▶ _EXERCISE REQUIREMENTS_
Among the records below, find the line with "Sir George Everest" and the line with "led emergency lightbar amber". Set down both and every line between, exactly and with no pictures, but nothing else.

▶ _SUPPLIED MATERIAL_

+ + + +

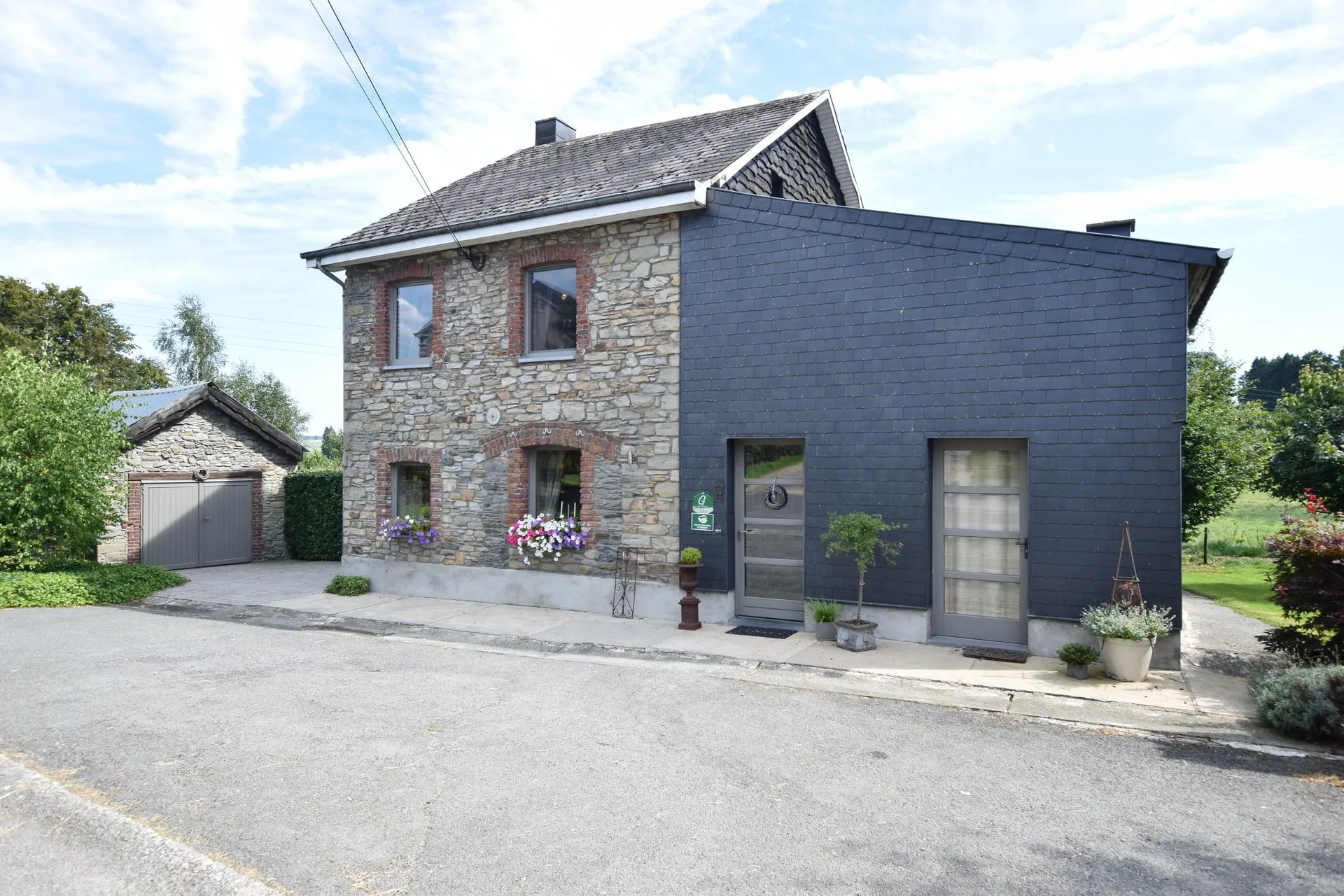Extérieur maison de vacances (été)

+ + + +

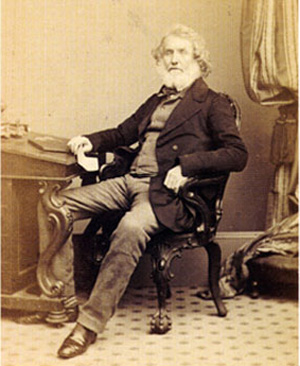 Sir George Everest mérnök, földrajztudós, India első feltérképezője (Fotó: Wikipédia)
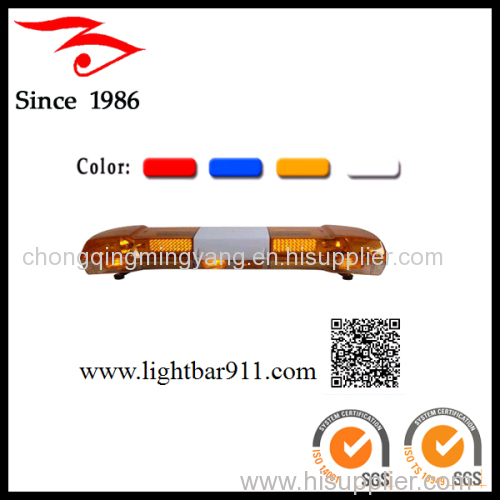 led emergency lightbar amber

+ + + +

▶ _EXERCISE OUTPUT_
 Sir George Everest mérnök, földrajztudós, India első feltérképezője (Fotó: Wikipédia)
 led emergency lightbar amber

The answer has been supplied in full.